What's interesting is that Boeing, back in 2005, firmly announced that it couldn't be done. In a briefing at the Avalon air show in Australia, I asked why Boeing wasn't proposing tankers based on used 767s -- and low-time 767s were widely available on the market at the time.

The answer was that you needed the high-gross-weight ER version of the 767 for a tanker mission, but the great majority of the HGW airframes were -300s, and the longer-body aircraft did not have sufficient tail clearance at rotation to accommodate a boom.

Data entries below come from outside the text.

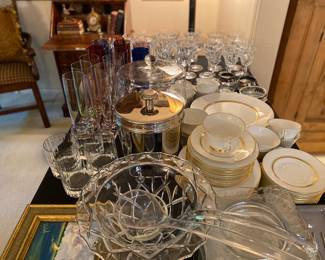 Oxford bone China Andover pattern with gold trim set, Cake plate, ice bucket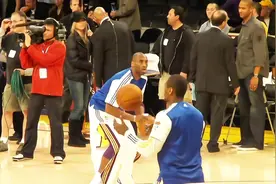 顶级球员的球感有多好？库里热身运球失误发现地板有问题！视频封面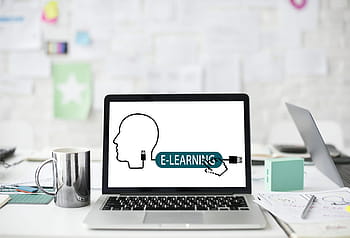 La retroalimentación y la atención personalizada son fundamentales para una mejora continua en la tutoría virtual, optimizando la enseñanza y el aprendizaje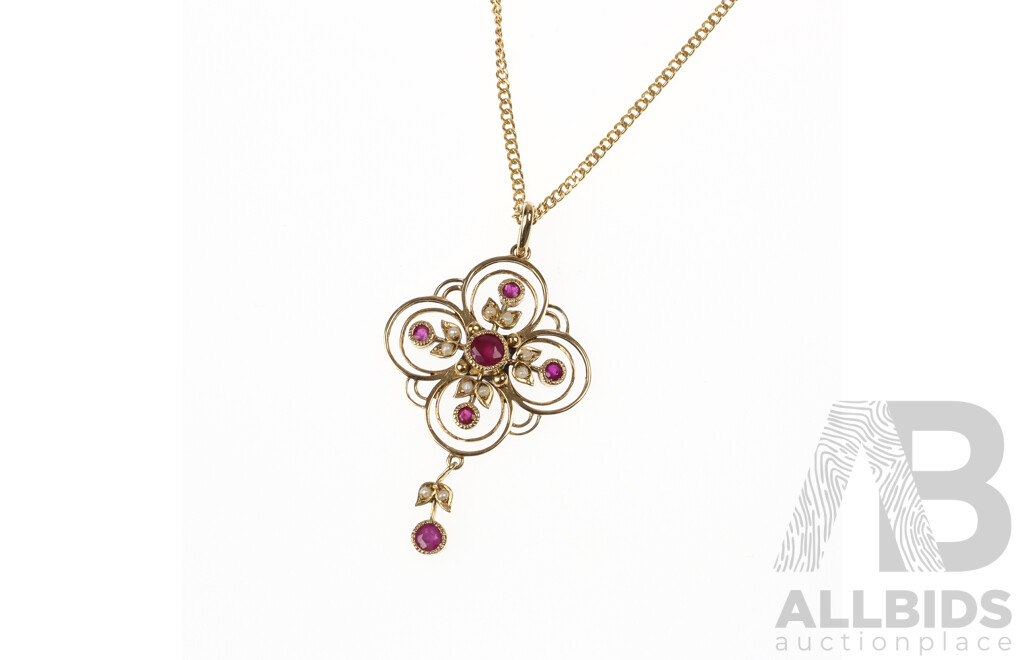 9ct Ruby & Seed Pearl Quatrefoil Pendant on 9ct 45cm Curb Link Chain, 5.00 Grams
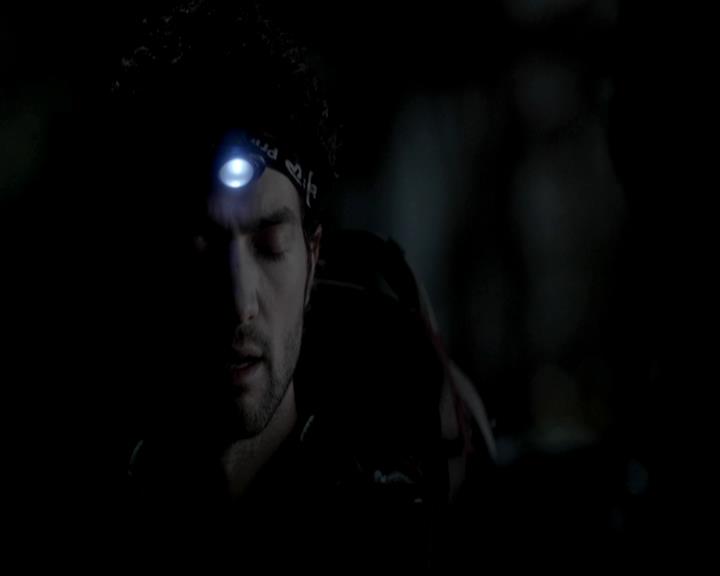 VampireDiariesWorld-dot-org_4x13IntoTheWild0595.jpg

IAI has solved the problem (patent here) by designing a low-profile boom and providing a structural recess for the pivot mechanism. It all seems a little obvious in retrospect.

Discuss this Blog Entry 4

on Aug 28, 2014

It's ALWAYS "obvious" after somebody else does it. There's always an army of naysayers who will bravely tell you why something can't be done. The Israeli philosophy has always been they DO NOT want to hear from those people and ONLY allow those with ideas on how something "impossible" might be done to speak.

on Aug 28, 2014

There is - Can Do - Can't Do - and a very lonely place called MUST Do.
Israel lives there.

on Aug 28, 2014

Israel does both the possible and the impossible.
If you look at the achievements of a country that for 66 years had mostly to deal with surrounding countries and terror organizations trying to destroy it, whose majority of population rose from ashes of concentration camps and arrived as refugees driven out of Arab countries - to gain 14 Nobel prizes and be a leading high tech inventor - you should take you hats off.
Computer chips, drip irrigation, Iron Dome, pill that travel thru the digestion system and digitally records the system - and countless more.
Chapeau!

on Aug 28, 2014

The Israeli firm of IAI modified an ex-civvy 767-200 into a tanker and transport for the Colombian Air Force and sold it for a mere $ 70 million. IAI obtained a contract for a couple of ex-ccivies 767-300s transformed into tankers and transport planes for a bit more consering that the refueling system is more advanced and sold them to the Brazilian Air Force. The U.S. Airforce bought 180 KC-46s brand new from Boeing at an estimated (not firm) unit price of $ 120 million. You draw your own conclussions.